Cryptae operate in a narrower stylistic range, but are just as creative as DN. Their music is death metal of an extremely muddy, bleak sort, likely to appeal to fans of Portal or Ævangelist. The guitars chug along in a low enough range to make bass unnecessary, and the drums are a slightly blurred rumble, punctuated with thwapping kicks. The vocals groal and roar from the middle of the mix, like a large dog trying to be heard barking during an explosion.
The duo’s first release was a self-titled, four-track demo cassette. That was followed by a single, the nearly 19-minute “Vestigial,” which was surprisingly complex, moving through multiple distinct stages.

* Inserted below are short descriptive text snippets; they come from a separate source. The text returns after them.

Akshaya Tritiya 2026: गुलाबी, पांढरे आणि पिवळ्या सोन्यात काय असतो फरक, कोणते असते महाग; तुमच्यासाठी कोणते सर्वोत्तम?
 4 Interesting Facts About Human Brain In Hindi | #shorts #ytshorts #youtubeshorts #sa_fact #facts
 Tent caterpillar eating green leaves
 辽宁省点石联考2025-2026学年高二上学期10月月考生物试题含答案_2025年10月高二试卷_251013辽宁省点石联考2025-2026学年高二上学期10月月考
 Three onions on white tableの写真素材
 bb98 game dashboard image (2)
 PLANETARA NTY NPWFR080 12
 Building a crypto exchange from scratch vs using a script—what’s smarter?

Their first full-length, Nightmare Traversal, is out this week. It contains seven tracks and runs just over a half hour. Each piece has its own distinct character, but there’s a general primitivism that runs through it all, the jackhammer drums and bulldozer-in-second-gear guitars grinding over the listener with little variation and none of the usual opportunities for catharsis offered by more straightforward death metal (guitar solos, breakdowns). Occasionally, small sonic touches leap out: there’s a buried bell-like tone on “Oubliette” that momentarily creates an occult atmosphere reminiscent of Samhain, and the guitars on “Monastic Tomb” are so scooped out and distorted they sound like sculpted static, though at the very end of the track they launch into a riff that sounds like Napalm Death circa Utopia Banished. Only the final track, “Cronos,” is a true departure; it begins as a dubby, almost postpunk dirge, an oozing synth line repeating unto infinity over a gut-churning bass line and almost ritualistically minimal drumming. Just over a minute and a half in, though, it changes character completely, becoming a blown-out thrash explosion with the vocals almost entirely buried amid staticky guitars and distorted drums. Then it changes again, going atmospheric and Goth before barreling down the highway to black metal land. Ultimately, Nightmare Traversal is the kind of metal record that only seems simplistic; its depths are almost immediately obvious, but reward repeated dives.